First Sunday of Advent/B

Massimo Palombella

Miniature from the fourteenth-century Missal of Janze Středy with introit of First Sunday of Advent: Ad te levavi animam meam, Deus meus.

In the Roman Rite, the four weeks preceding the solemnity of Christmas took shape in Rome at the turn of the 6th and 7th centuries within the liturgical reform promoted by Pope Gregory the Great.

The Ambrosian Liturgy has preserved the primitive use of the six weeks of Advent (a usage testified in Gaul and Spain towards the end of the 4th century), a time that begins on the Sunday immediately following 11 November (feast of St Martin) and ends with Christmas Eve.

With Advent also begins the new liturgical year, which in this year (B) will see the reading of the Gospel of Mark.

Together with the expectation of the birth of Jesus, the Advent season has an “eschatological” dimension that invites us to necessarily reflect on the true quality of our lives, on the actual exercise of our freedom with regard to the choices we make, on how much we actually seek and let truth inspire our existence.

The ‘eschatological’ character of Advent also leads us to listen to our desires, our needs, our expectations, and to be in true contact with this whole dimension of our lives.

The Lord whom we await at Christmas, and who will one day, with infinite mercy, judge our lives, is the fulfilment of our every desire. He is the One who is ‘beyond’, and carries within Himself all our weakness, strengths and passions.

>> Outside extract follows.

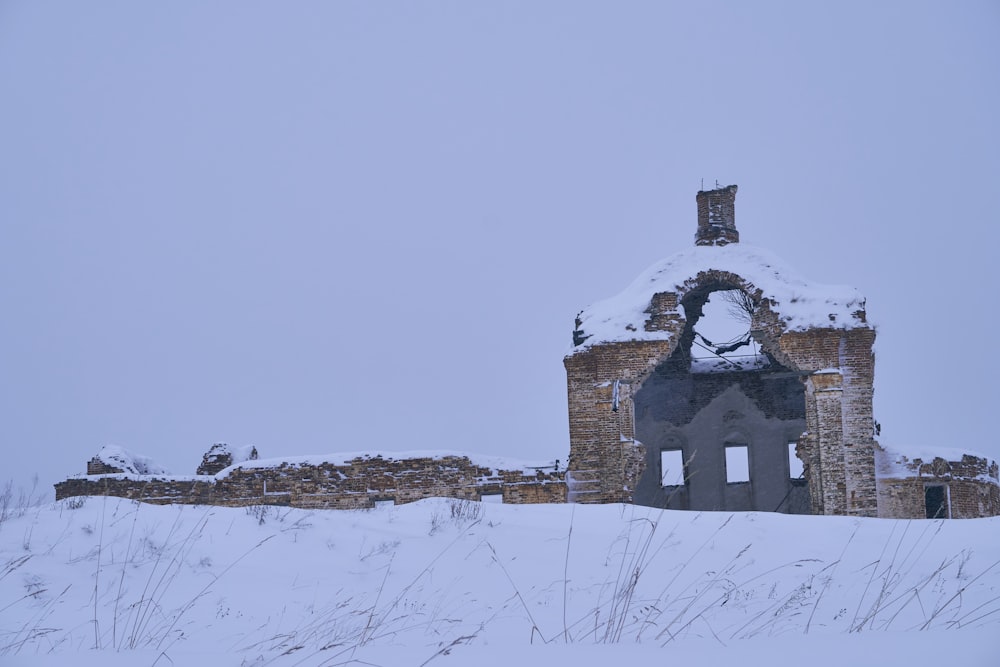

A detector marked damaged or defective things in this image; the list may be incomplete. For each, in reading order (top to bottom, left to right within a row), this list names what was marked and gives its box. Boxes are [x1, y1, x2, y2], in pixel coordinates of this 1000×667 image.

damaged bell tower [568, 185, 880, 520]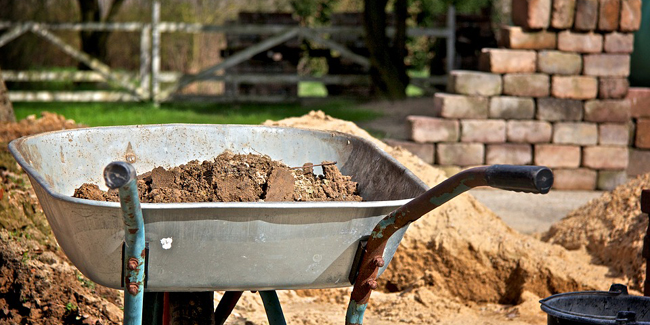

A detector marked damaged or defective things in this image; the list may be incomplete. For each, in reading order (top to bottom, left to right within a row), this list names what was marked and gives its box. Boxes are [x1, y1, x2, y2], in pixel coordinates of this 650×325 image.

rusty wheelbarrow [7, 123, 548, 322]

He is the One who gives us and is “life in abundance”.

The Gradual of today’s celebration is taken from Psalm 24 (Ps 24:3. 4) with the following text:
“Universi qui te exspectant, non confundentur, Domine.
Vias tuas, Domine, notas fac mihi: et semitas tuas edoce me.”

(They will not be disappointed, O Lord, all those who are awaiting you.
Make your ways known unto me, O Lord, and teach me your paths).

The attached music, in Gregorian Chant, is taken from the Antiphonale Romanum II published in Solesmes in 2009. The interpretation is by the Schola Gregoriana Pragensis conducted by David Eben. The musical track can be found on the CD ‘Liturgical Year. Gregorian Chant’ published by Supraphon in 1997.

A blessed Sunday and heartfelt greetings.